Nell’inchiesta Report spunta anche il nome di Luca Sammartino il deputato regionale renziano di Iv. E’ nell’elenco dei 38 indagati. Al momento nei suoi confronti non c'è alcun provvedimento da parte del gip, ma la procura gli ha notificato un avviso di fine indagine ipotizzando il reato di corruzione elettorale.

La procura, avrebbe intercettato uno scambio tra Sammartino e il boss Lucio Brancato: voti al deputato renziano alle Regionali del 2017 in cambio di alcune «utilità» tra le quali, secondo l’accusa, un posto di lavoro al nipote di Brancato alla Mosema, azienda di raccolta dei rifiuti impegnata nell’hinterland etneo, e la rimozione di una cabina telefonica nei pressi della pizzeria della moglie del boss a Massannunziata, frazione di Mascalucia.

«Apprendo la notizia dagli organi di stampa. Sono consapevole di non aver commesso alcun reato. Quando avrò contezza degli atti, sarò in condizione di replicare e mi difenderò adeguatamente», dice Sammartino.

Nell’inchiesta «Report» sono stati riscontrati, in primo luogo, 8 estorsioni: gli uomini del clan Laudani in alcuni casi chiedevano denaro a imprenditori e professionisti per finanziare l’associazione mentre, in altre circostanze, fungevano da 'agenzia di recupero creditò, per favorire illecitamente imprenditori, i quali - a fronte di crediti commerciali non pagati - hanno preferito, invece che procedere legalmente, fare ricorso all’intermediazione degli esponenti mafiosi per recuperare le somme, avvalendosi della forza di intimidazione legata all’appartenenza all’organizzazione criminale e al fine di accelerare la procedura di incasso del credito.

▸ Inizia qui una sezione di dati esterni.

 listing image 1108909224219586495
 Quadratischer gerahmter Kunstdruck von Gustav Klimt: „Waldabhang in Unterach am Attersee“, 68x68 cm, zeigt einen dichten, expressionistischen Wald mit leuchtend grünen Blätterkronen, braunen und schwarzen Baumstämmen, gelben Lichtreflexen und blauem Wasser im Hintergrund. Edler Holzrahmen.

L’altro settore coinvolto dalle attività di indagine è quello rappresentato dalle interferenze nelle procedure giudiziarie di vendite all’asta di beni. In questo ambito il clan è intervenuto, affinchè gli imprenditori dichiarati falliti - nei cui confronti era stata attivata la procedura di esecuzione immobiliare - potessero illecitamente rientrare in possesso del bene posto all’asta, ricavandone utilità.

In questo contesto, esponenti del «clan Laudani» si sono attivati, ricorrendo a minacce e intimidazioni, in modo da inibire la partecipazione di potenziali offerenti alla procedura esecutiva, in tal modo garantendo al debitore 'esecutatò di ottenere, sia pure attraverso intestatari fittizi, la restituzione dei beni. Nell’occasione è stata un’asta immobiliare effettuata presso il Tribunale di Catania: in quell'occasione un imprenditore, proprietario di un appartamento oggetto dell’esecuzione fallimentare, ha richiesto ed ottenuto l’intervento di uno degli affiliati Litterio «Rino» Messina, al fine di alterare la procedura di vendita del bene. In tale occasione il gruppo ha individuato un prestanome compiacente e, contestualmente, ha allontanato i potenziali offerenti, attraverso il ricorso ad intimidazioni e minacce.